Growing up
Looking back, my representation on the web has always been pretty half assed.
In January, Tim Lucas pulled together a shiny new site and boosted his article quality dramatically. I thought “he’s doing it right”, I really wanted to get my site together. That was January—here I sit the day before August staring into textmate typing the first article I’ve written in almost 2 years, I haven’t even bothered to move those old posts. It wasn’t worth it.
During this year I’ve made more open source releases and contributions than ever before, I’ve lapped up various technologies and concepts, wrote my first DSL with ruby and felt like I was pushing through to another level, mentally anyway.
Its not hard to say that leaving my salary paying job and moving to consulting was one of the best things I’ve done. It felt selfish to leave the team for a reason none other than “I needed time away”. That was a year ago. Since then I’ve had more time to reflect on life and importantly, development.
Juicy details
You might notice that the new site has a bunch of links to various web services. I’m pulling my “about the author” image from twitter, “upcoming events” from upcoming, “projects” from github, “presentations” from slideshare, “links” from delicious and recent images from flickr – all using Smoke, not only that, but I do so using only about 45 lines of source code.
I was inspired by Yahoo’s “Pipes” but frustrated with the strange act of dragging elements around the screen.

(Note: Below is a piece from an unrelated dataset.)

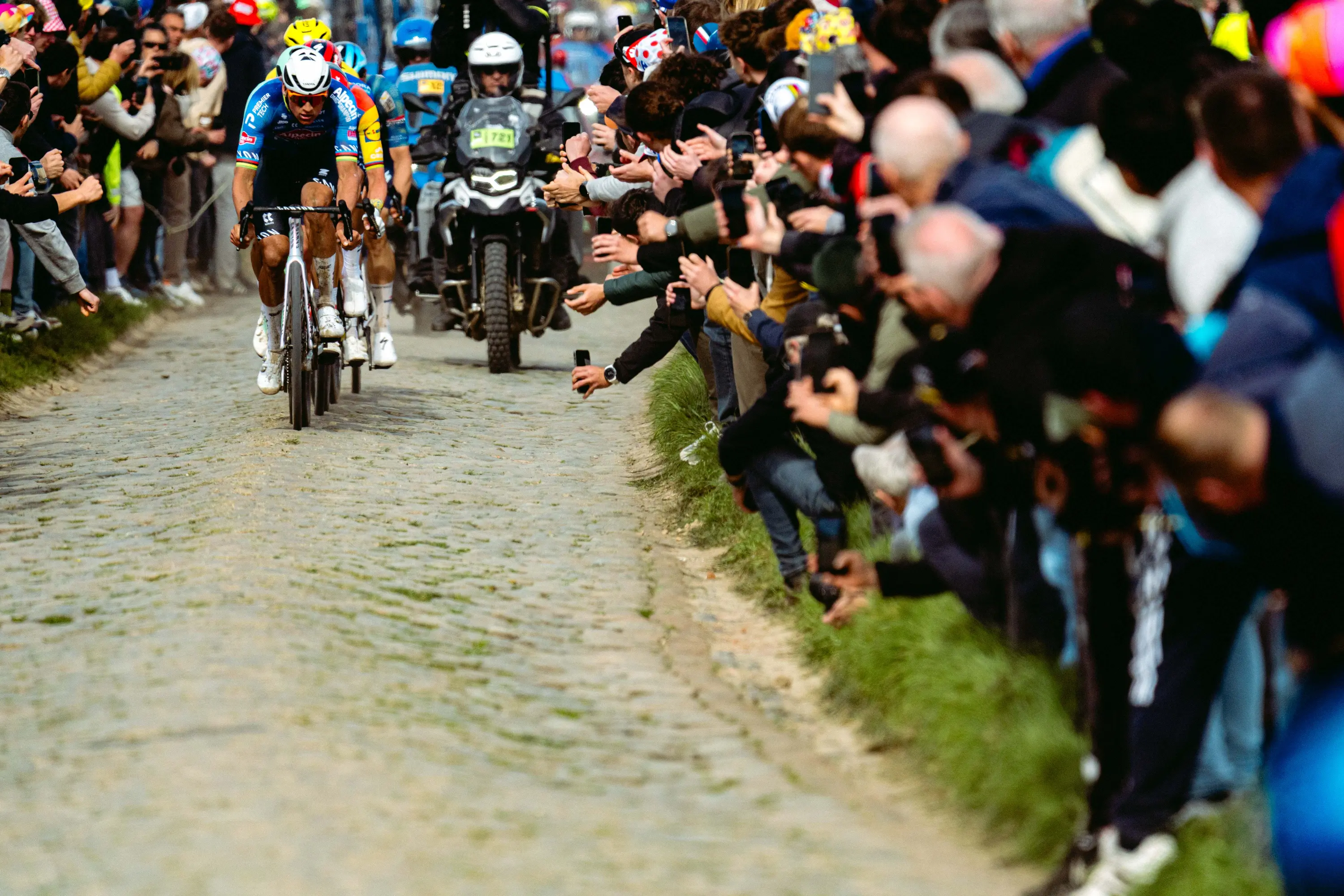 Mathieu van der Poel auf dem Pavé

While knowing what I wanted to do, I found that I could probably write a custom parser faster. A vast majority of the research or ‘learning’ projects that I’ve put together consume web services. Now, with Smoke I can pull services together, mash them up, cut them to pieces and re-interpret the web the way I feel it should be.
The article facet of this site is pinched straight from Tim Lucas' site, I dropped it in, it worked, I drank beer.
I typed a series of commands (maybe, 5?) and my site was running on Heroku. Job done. I’ll probably leave the beer alone tonight though. What an awesome experience that was, I’m a fan of doing it yourself, but this quick win felt so good.
For now, I’m going to run without comments, if you’ve got something to stay ensure that you drop me a line, I’d love to hear about it.
The markup used on the site is HTML5, thanks to Lachlan Hardy it even displays pretty well in IE6. No hacks are used, perhaps a few CSS methods that don’t appear in older browsers, however the fallback is indeed graceful.
I’m responsible for the design of the site. Anthony gave me moral support, slapped some layout tips and rules on me when I asked for them. I think he found it really hard to watch me go through the process of putting the site together. Generally, when we work together he is the design part of our voltron machine. In future I’ll leave our client design work up to him.
In closing
A web site is never “done”, I hope to evolve this site and keep it as fresh as I can for as long as I can (using technology, of course). Perhaps I’ll end up writing better… God, I failed english in high school because I preferred to skip it to eat chinese and play pool with my friends. If it doesn’t kill me it’ll only make me stronger, right?